Universal Isn’t — 6 Comments

  1. Even though the Table 14 shows 2004 data, I see that its from the latest 2013 report,, so its not your fault this is 2004 data. Most likely, as they tighten the laws, this 40% number will increase.

    You’ve made a huge point.

    So what’s the solution? Making it easy for bad guys to get the guns legitimately doesn’t help anyone, but how do you stop the illegal trade?

    • John…
      The same way we do with illegal drugs. This is the honest answer.
      You can not live a risk-free life. Even if we could somehow do away with all guns, you would still be in danger from violent knife crime.
      Consider: entire wars were fought before guns. Violent crime does not rely on guns, but instead on people who want to commit violent crime.

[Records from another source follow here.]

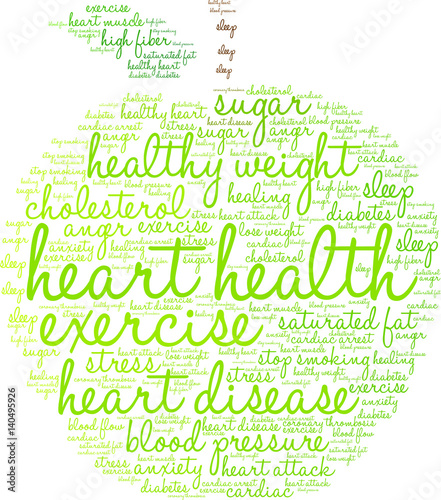Heart Health Word Cloud on a white background.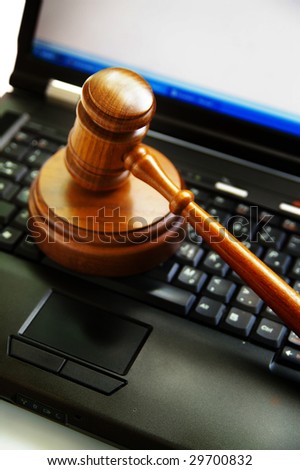 judges court gavel on a laptop computer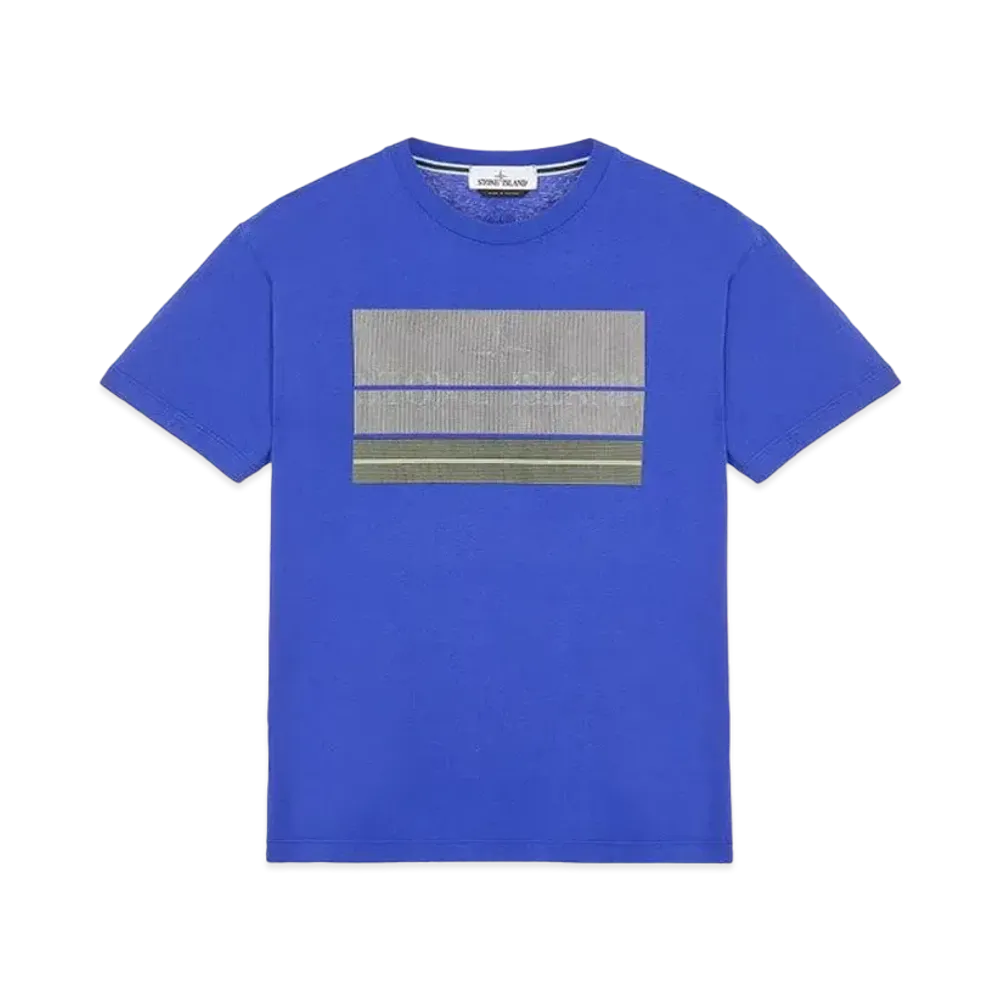Stone Island 2NS90 COTTON JERSEY, 'LENTICULAR THREE' PRINT_SLIM FIT "Periwinkle"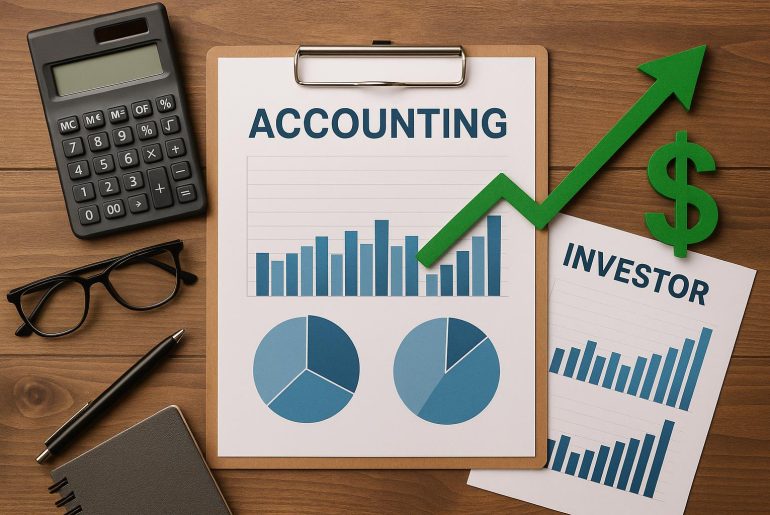 Modern accounting firm office with financial charts, highlighting role in investor relations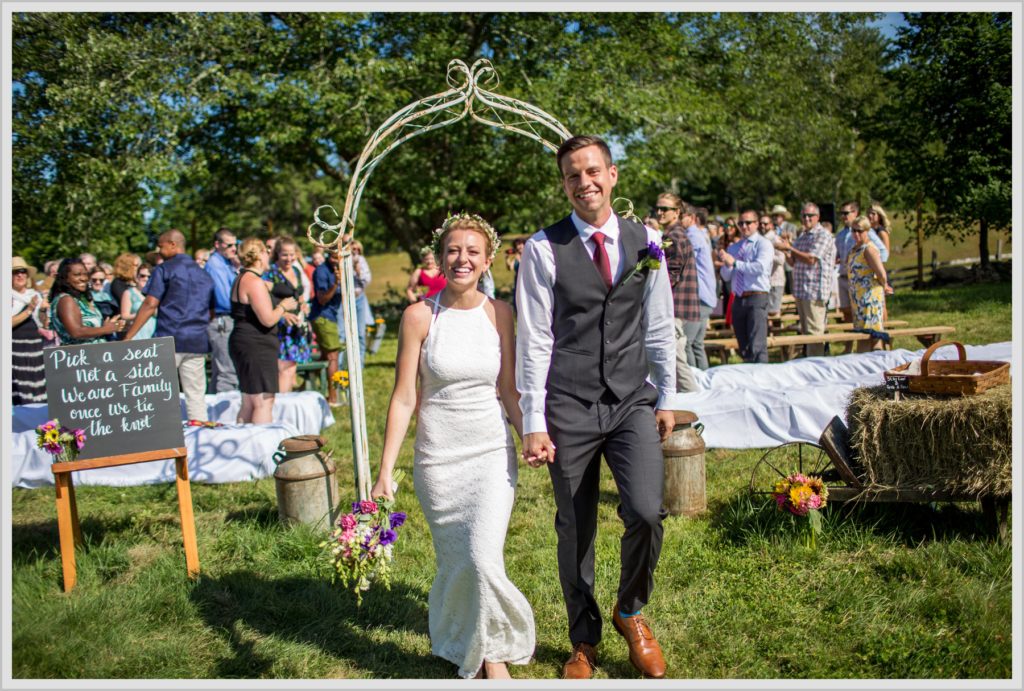 Ryan and Becca's New Hampshire Farm Wedding | Down the Aisle together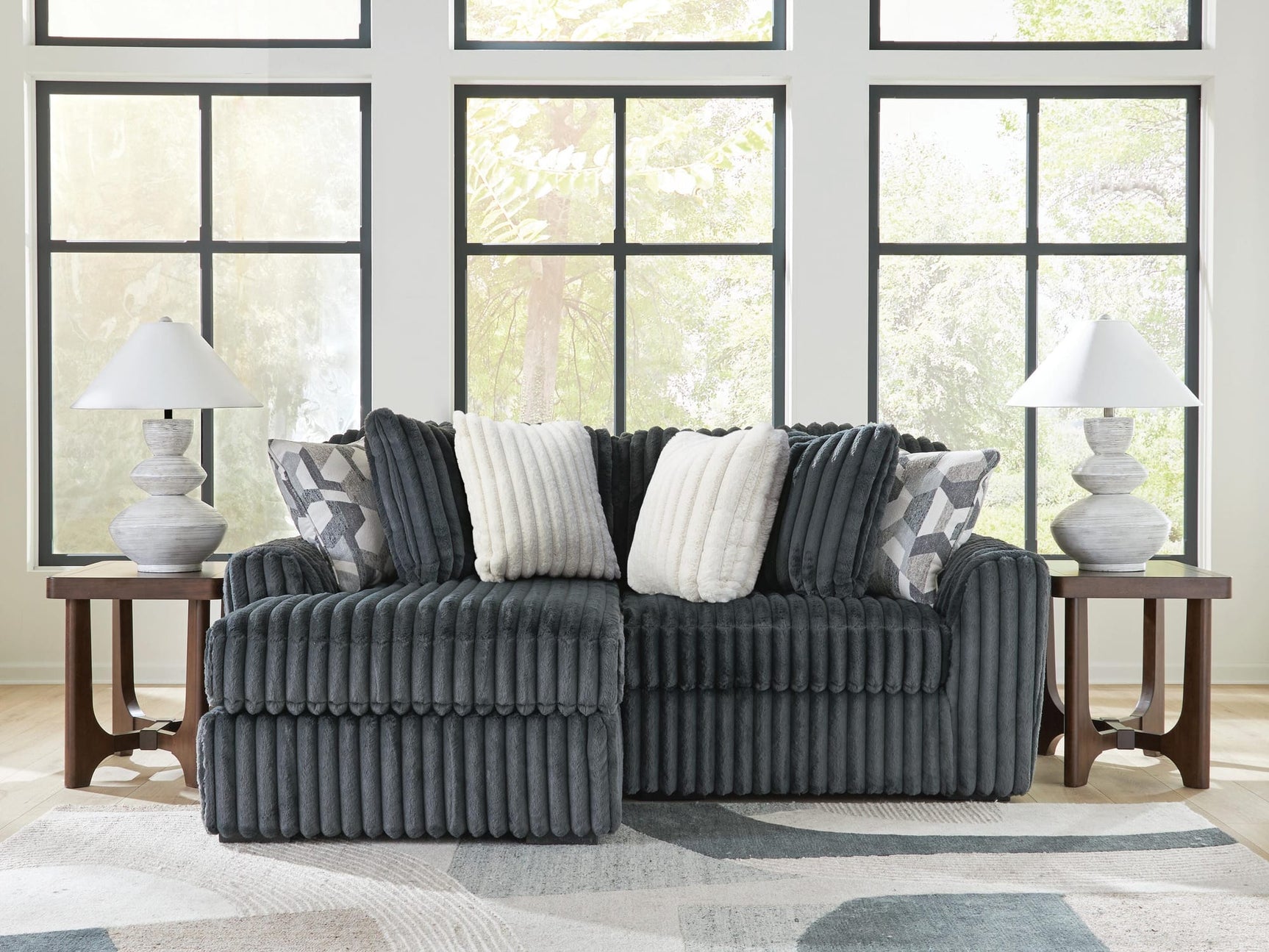 Midnight-Madness Gunmetal 2-Piece Sectional with Chaise from Decor Furniture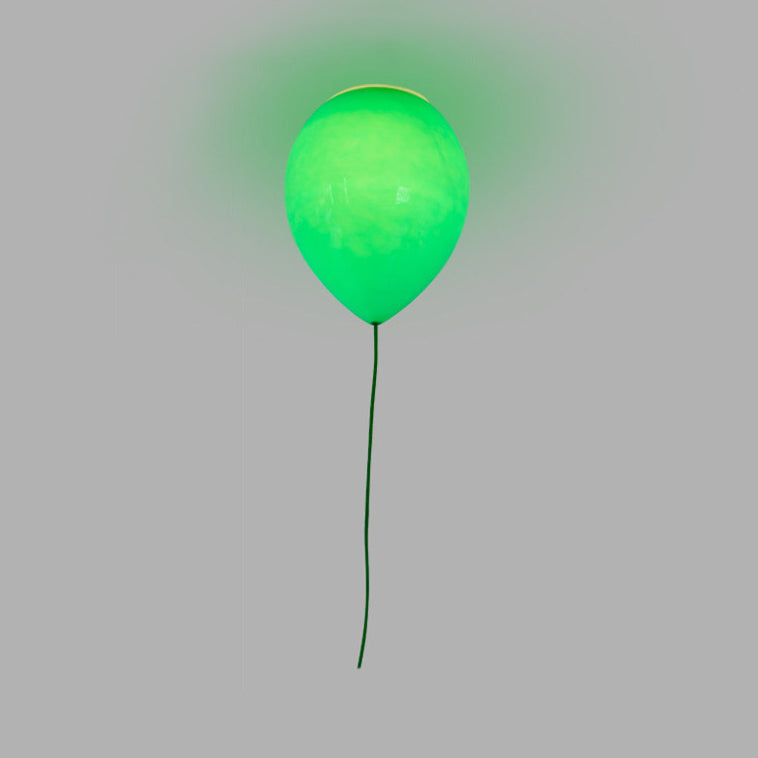 Kids Cartoon Balloon Glass Flush Mount Ceiling Light Fixture For Bedroom Green / 6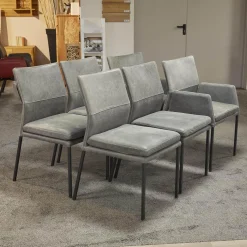 6er-Set Stuhl Carry Leder Sierra Anthrazit Kontrastnaht Beige 4-Fuß Metall Pulverbeschichtet Schwarz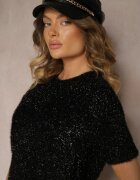 rosa Bluză Negră cu Viscoză Ornată cu Fir Metalic Sanallin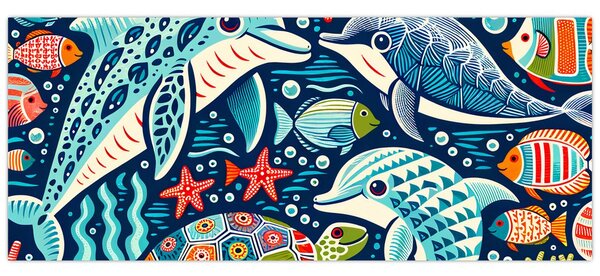 Kép – Rajzolt vízi állatok (120x50 cm)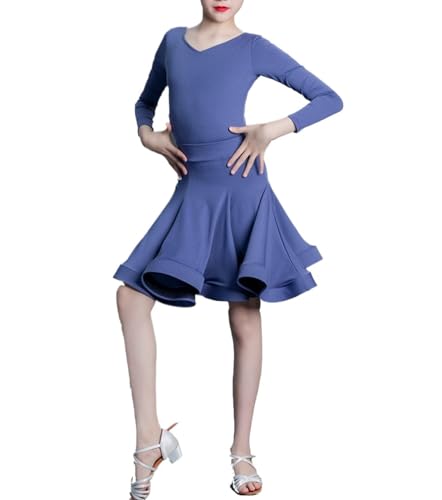 Zweiteiliger Lateinamerikanischer Tanzrock for Mädchen Mit Trikot, Lateinamerikanisches Tanzkleid for Kinder, Salsa-Tangoröcke, Wettbewerbs-Tanzbekleidung for Samba-Chacha-Tanz-Übungsrock von Qodpxxi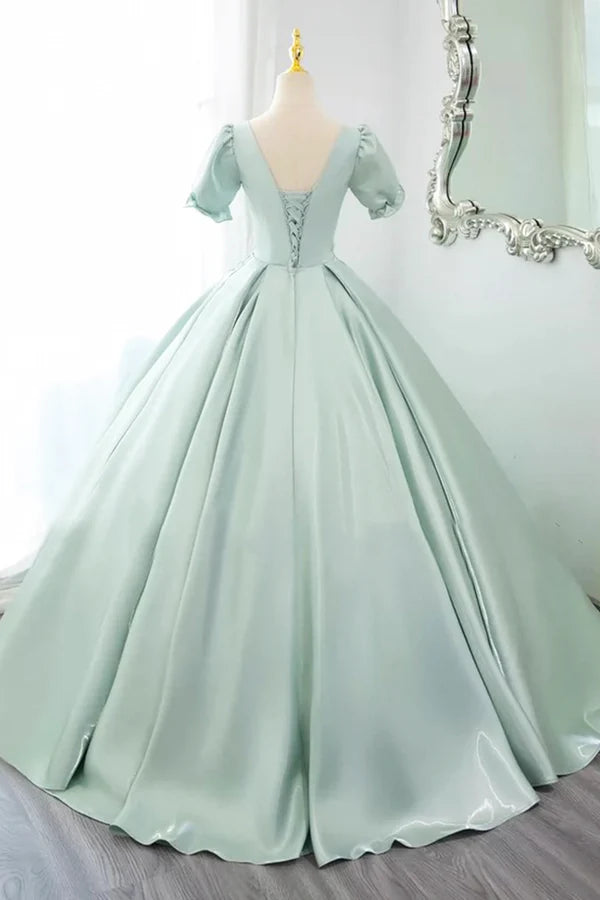 Wholesale Green Satin Lace Long Prom Dress Beautiful A-Line Short Sleeve Evening Party Dress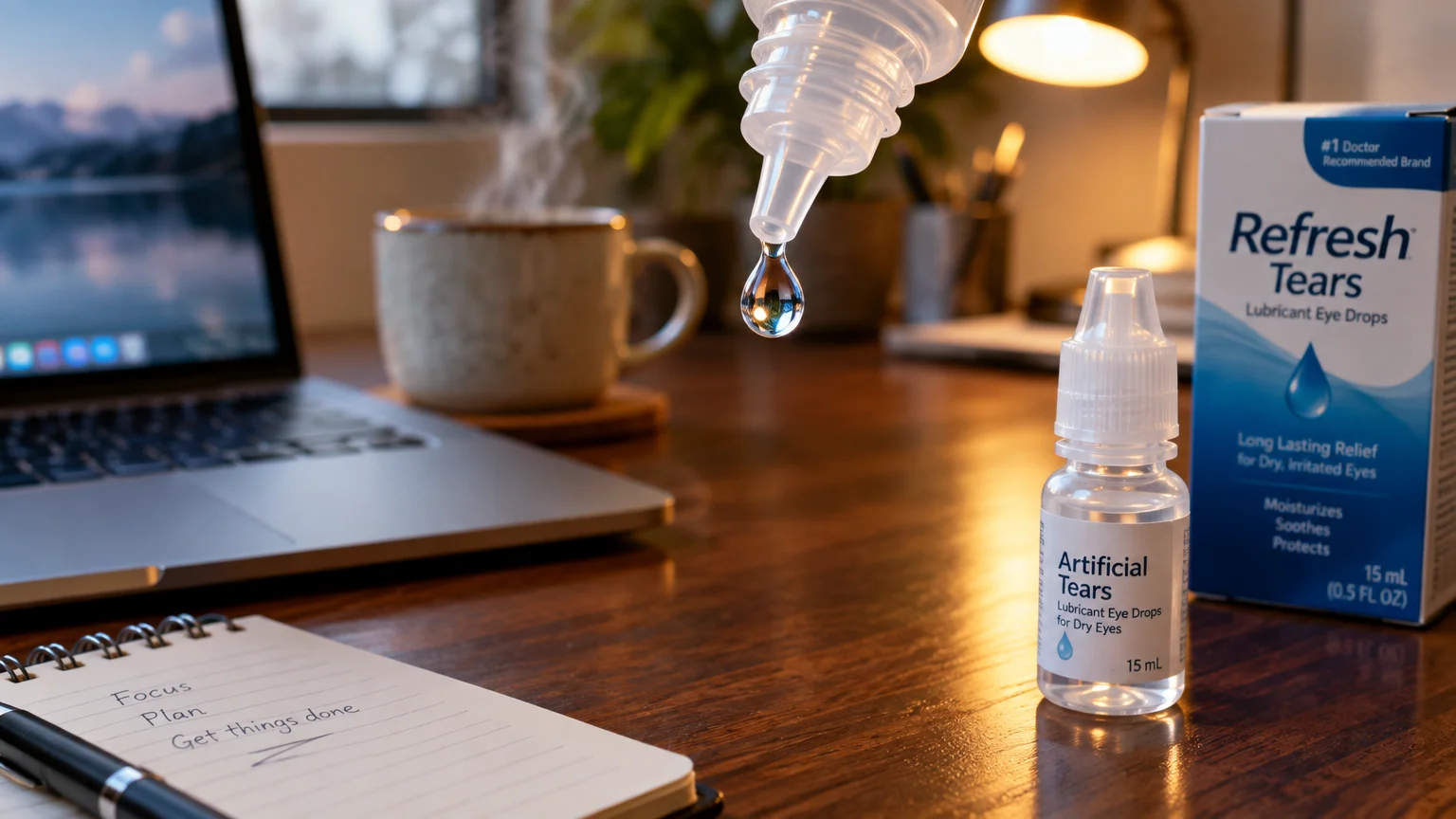 A droplet falls from an eye drop bottle onto a desk beside a Refresh Tears box and an Artificial Tears bottle.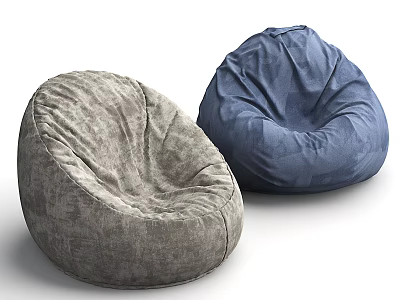 Grey And Blue Bean Bag Chairs Velvet Upholstered Comfortable Single Sofa For Living Room 3d model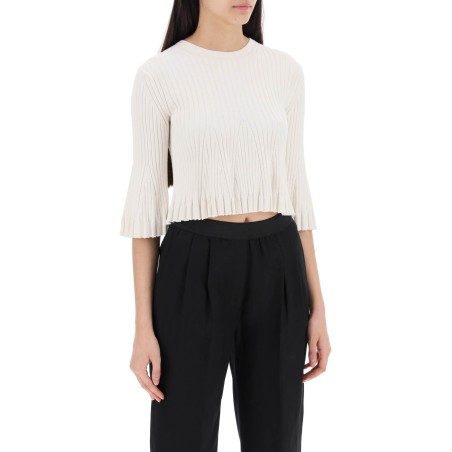 silk and cotton knit ammi crop top in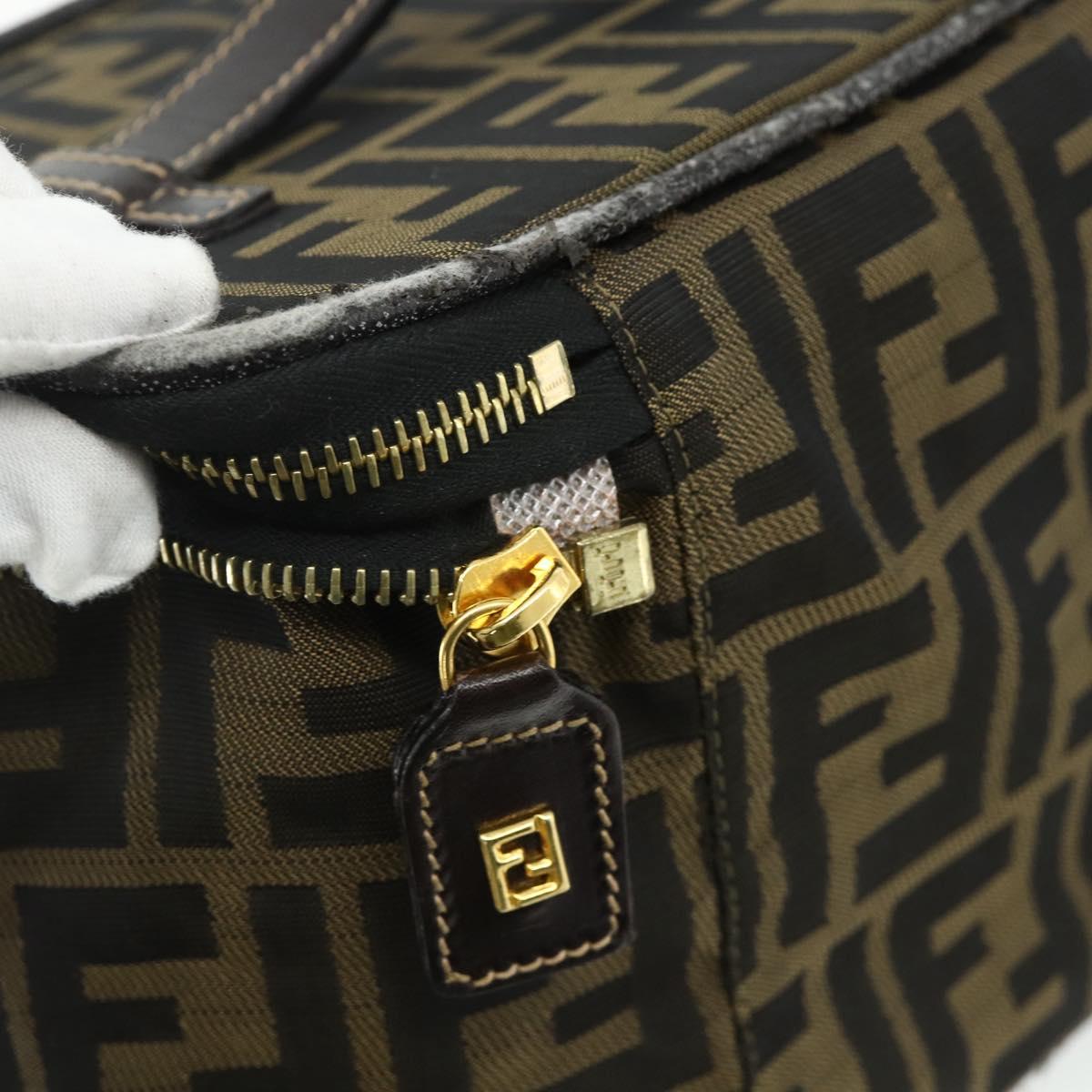 FENDI Zucca Canvas Vanity Hand Bag Brown Black Auth 176697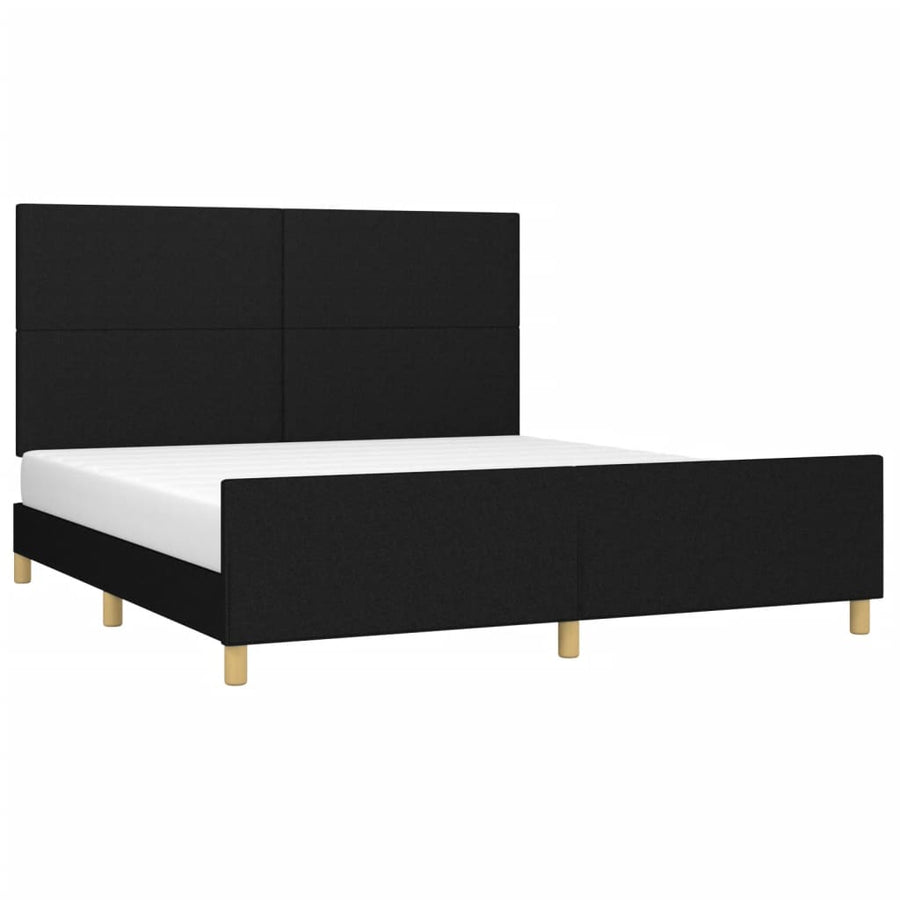 Bed Frame without Mattress Black 152x203 cm Queen Fabric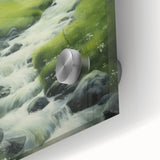 Electric Landscape Wall Art - Vibrant Nature Scene with Flowing Stream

  2. It is quirky that the BJS report presents 1997-2004 data. But I decided to triple check, and the May 2013 report has that table. That being said, the 2002 BJS “Firearm Use by Offenders” report has a similar table showing 1997, and the percentages were not materially different (39.6% for friends/family and 39.2% for street sources).

    As to the appropriate cure, I think we have to address the motivation for criminals to have and use guns. Changing gang-related inner-city learned behavior is a very tall order, but it is the root cause of the most addressable gun violence.

    Though I don’t have the funding (and hence the time) to perform a complete analysis, I deeply suspect addressing repeat violent offenders is the long-term approach. It was tried in California via both the 10-20-Life and Three Strike laws, and the effect appears to be amazing.

  3. If the BJS were to repeat these surveys today, I don’t believe the results would be that much different.
    Here’s a study that was just released by a college professor from the University of Chicago who asked convicts specifically what type of gun, where did you get it, and why did you choose that source. No surprises, unless you get all your gun news from Moms Demand.

    • I agree about the stats not changing much.

      The BJS had another report (“Firearm Use by Offenders, 2002) that had data from both 1991 and 1997. There was a significant shift from 1991 to 1997, but in that time violent crime was dropping, NICS was in works, California pass the 10-20-Life law, etc.

      The assumption is that criminals changed there MO and started doing more business through “friends/family” because crime gun purchases at retail declined as “friends/family” acquisitions increased.

      After 1997 the stats stayed stable until the 2004 data, which as you say would likely remain the same today.

  4. We have very effective, strict gun laws in this country. What we do NOT have are prosecutors who will prosecute gun criminals to the fullest extent of the law. And in those instances where the gun criminals are prosecuted, sitting judges do not give out maximum sentences. Politicians who scream for more gun laws don’t know what laws are currently on the books! Right now the easiest thing to do is just vote Republican so we can keep President Donald J. Trump in the White House, regain control of the House of Representatives and keep control of the Senate. Then President Donald J. Trump can do his job.